Yes, I'm no expert, but I would be inclined not to mess about with different tamping pressures, as this is one of the things that you ideally want to develop consistency in, and set a muscle memory up. I'd keep the tamp the same, and maybe experiment with dose vs grind, or different ratios. If you tamp consistently then different beans will tell you what they want from the grinder. A slight drop in dose might get you a longer ratio in the same shot time. Try to keep as many factors the same so you can repeat it if you like the results. Varying your dose between say 17 and 19g (keeping grind and tamp the same) and stopping the shot at the same time will give you surprisingly different drinks. For instance sometimes I dose a little higher to get a short, sweet espresso with more mouth feel. Sometimes I drop it a gram and let it run say 17>45 in 28" which is very different but very nice also. You don't need to tweak much to have a voyage of discovery with one bean. But for myself, I'd say I'd get confused if I varied grind and dose and then started trying to semi-blindly compensate with a lighter/harder tamp.
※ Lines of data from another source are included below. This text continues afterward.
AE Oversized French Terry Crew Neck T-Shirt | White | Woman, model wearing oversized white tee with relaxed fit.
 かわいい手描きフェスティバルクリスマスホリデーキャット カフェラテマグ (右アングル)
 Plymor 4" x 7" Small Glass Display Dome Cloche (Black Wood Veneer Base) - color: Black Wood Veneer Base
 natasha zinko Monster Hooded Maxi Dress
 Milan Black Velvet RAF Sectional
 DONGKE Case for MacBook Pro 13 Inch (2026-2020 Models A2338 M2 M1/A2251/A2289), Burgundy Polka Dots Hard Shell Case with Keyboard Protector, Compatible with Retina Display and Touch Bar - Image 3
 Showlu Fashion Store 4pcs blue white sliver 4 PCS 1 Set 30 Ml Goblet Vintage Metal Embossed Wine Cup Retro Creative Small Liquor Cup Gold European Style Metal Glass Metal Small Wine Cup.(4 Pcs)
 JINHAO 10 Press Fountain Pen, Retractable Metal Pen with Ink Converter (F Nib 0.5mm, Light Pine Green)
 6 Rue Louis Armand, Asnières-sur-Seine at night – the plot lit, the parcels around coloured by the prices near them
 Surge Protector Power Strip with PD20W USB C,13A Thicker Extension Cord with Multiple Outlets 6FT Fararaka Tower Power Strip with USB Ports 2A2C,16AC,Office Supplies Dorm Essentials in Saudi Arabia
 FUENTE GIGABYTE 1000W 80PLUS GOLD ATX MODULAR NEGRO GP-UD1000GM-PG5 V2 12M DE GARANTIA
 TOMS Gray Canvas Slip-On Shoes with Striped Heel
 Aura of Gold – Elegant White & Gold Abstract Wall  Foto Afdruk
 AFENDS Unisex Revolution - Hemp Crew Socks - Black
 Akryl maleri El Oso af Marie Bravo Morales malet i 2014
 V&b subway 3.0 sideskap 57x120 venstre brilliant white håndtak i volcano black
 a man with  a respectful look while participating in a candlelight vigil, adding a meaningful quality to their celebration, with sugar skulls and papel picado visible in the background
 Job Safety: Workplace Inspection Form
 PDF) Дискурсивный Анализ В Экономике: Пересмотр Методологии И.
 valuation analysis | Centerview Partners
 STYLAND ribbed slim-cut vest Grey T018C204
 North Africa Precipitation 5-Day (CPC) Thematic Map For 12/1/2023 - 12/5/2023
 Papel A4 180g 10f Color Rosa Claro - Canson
Sounds like you're enjoying it though!


----------



## urbanbumpkin (Jan 30, 2013)

It does differ from different beans. Some darker roasts I was pulling shots on a 1:1 ristretto ratio. In fairness the last 3 different beans I've been tasting I've been getting the best results on 1:2 ratio. These have been on the lighter roster side.

1.6 is banded as the ball park figure and is a good starting point. If the shot tastes sour try giving it longer.


----------



## urbanbumpkin (Jan 30, 2013)

Sorry have just re-read you thread. Try and keep the tamp pressure the same and let the grinder adjustments do the rest.


----------



## julesee (Aug 12, 2014)

Many thanks guys - will try some of the above.... First step clearly is buying some scales!


----------



## hotmetal (Oct 31, 2013)

Glad my ramblings may have been of use. Scales and a stopwatch or timer definitely help if you want to explore different tastes (and have any hope of repeating a good result!) If you have a smartphone you can even download espresso timer apps that count preinfusion, count down into the moment you start the shot and then count up. You can set brew time and an alarm sounds after the chosen time has elapsed. Cheaper than buying a kitchen timer that has those features. I don't think one needs to be terribly accurate with time, it's just good to have a gadget to take care of it while you are juggling milk jugs, portafilters etc and watching the scales and thinking about tastes. Easy to forget to notice how long the shot ran for while looking at the scales and the pour.

My scales are cheap (£8) Chinese one from eBay but they do the job. You want, ideally, scales that go up to 500g-1kg with 0.1g or better resolution. If they're big enough to fit a portafilter on (for ease of weighing dose in), but thin enough to fit under your cup when it's on the drip tray (to weigh coffee out) and can keep up with the shot as it runs then so much the better. But the cheap ones do the job OK.


----------



## DoubleShot (Apr 23, 2014)

Which espresso timer apps do you recommend? Hopefully available for iOS. Never thought to look for such an app despite having 400+ already installed!

Thanks.


----------



## Mrboots2u (May 10, 2013)

julesee said:


> Many thanks guys - will try some of the above.... First step clearly is buying some scales!


Have a read of this may or may not help

There will be some more articles / threads going up over the next week/ weeks around some basic processes

http://coffeeforums.co.uk/content.php?375-Weighing-Espresso-(Brew-Ratios)


----------



## julesee (Aug 12, 2014)

Many thanks again for everyone's help


----------